▸ Work order
From the records below, copy out exactly the lines from the one containing "Ilaria Barsotti : Lapsen oma kuva-atlas" to the one containing "Middle Atmosphere Program - Handbook for MAP", both included. Add nothing else.

▸ Records provided

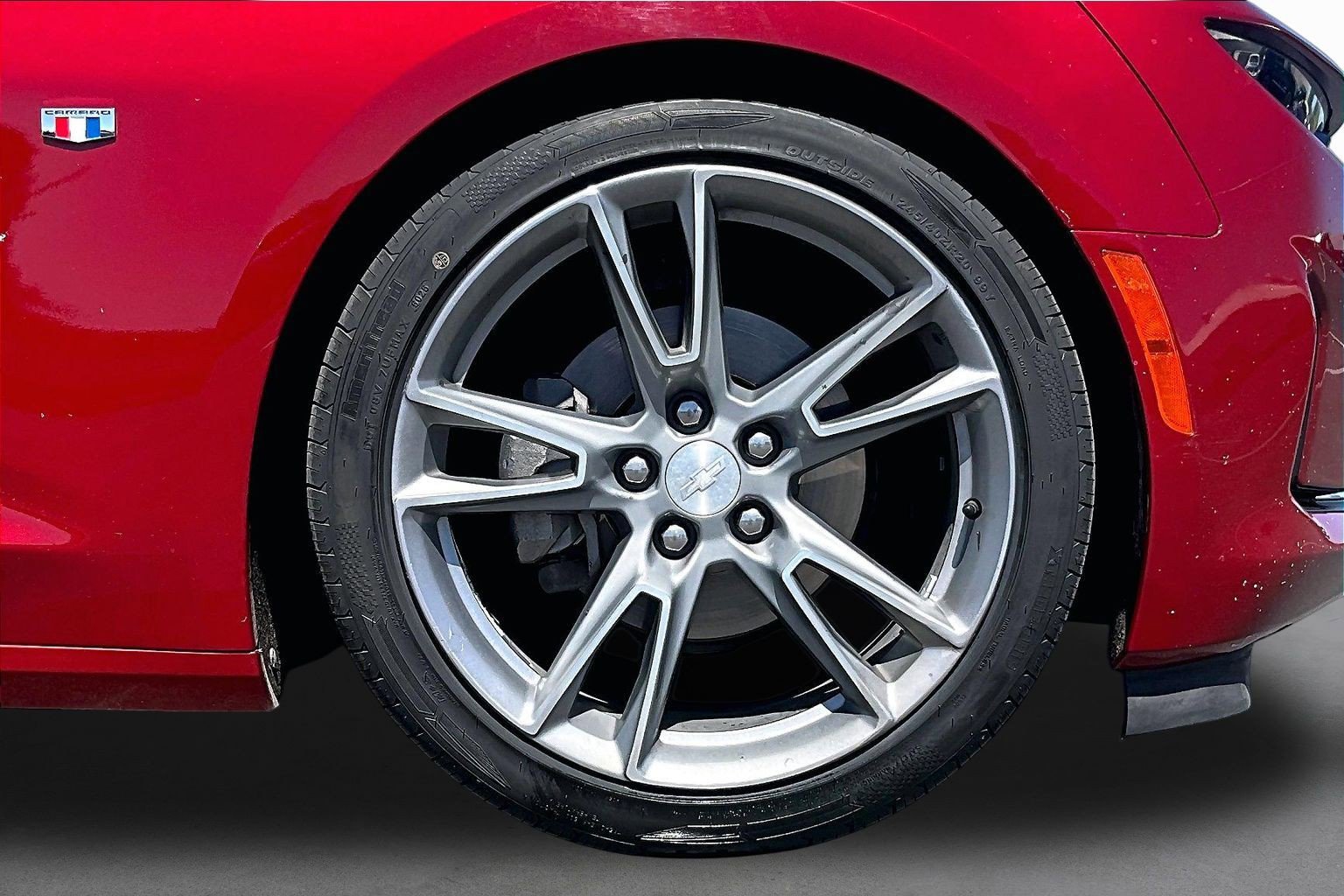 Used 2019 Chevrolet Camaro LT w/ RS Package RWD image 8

---

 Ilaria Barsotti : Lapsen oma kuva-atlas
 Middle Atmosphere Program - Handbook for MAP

...

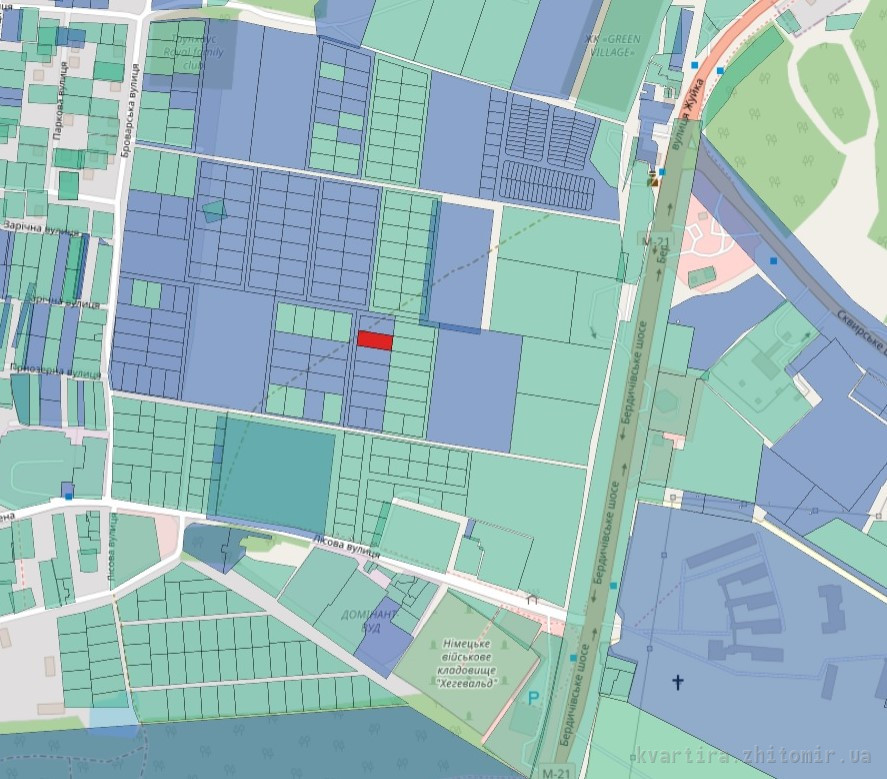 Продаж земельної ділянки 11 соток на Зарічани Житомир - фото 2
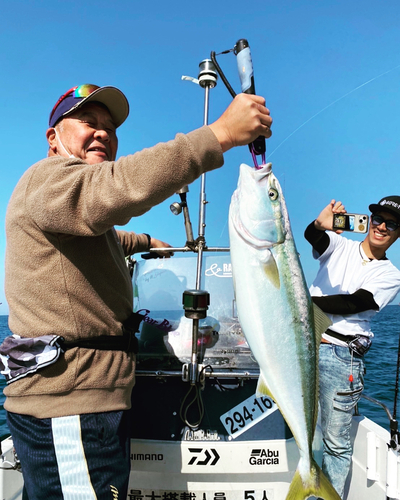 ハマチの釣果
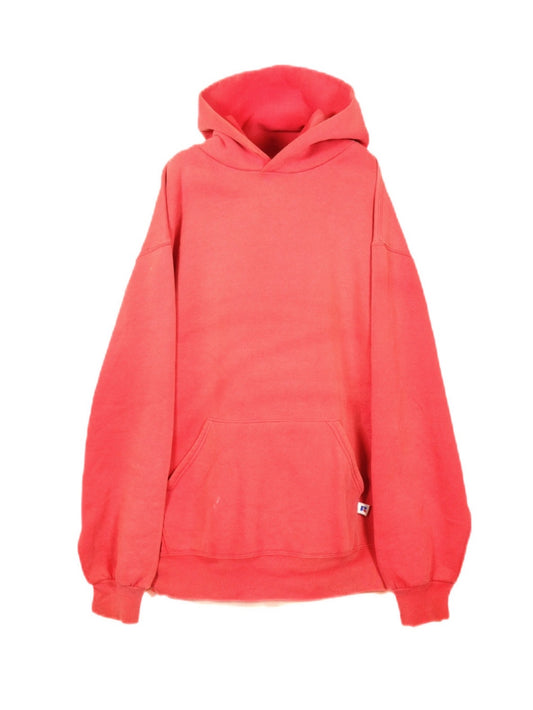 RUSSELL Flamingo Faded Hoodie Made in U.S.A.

▸ Your solution
 Ilaria Barsotti : Lapsen oma kuva-atlas
 Middle Atmosphere Program - Handbook for MAP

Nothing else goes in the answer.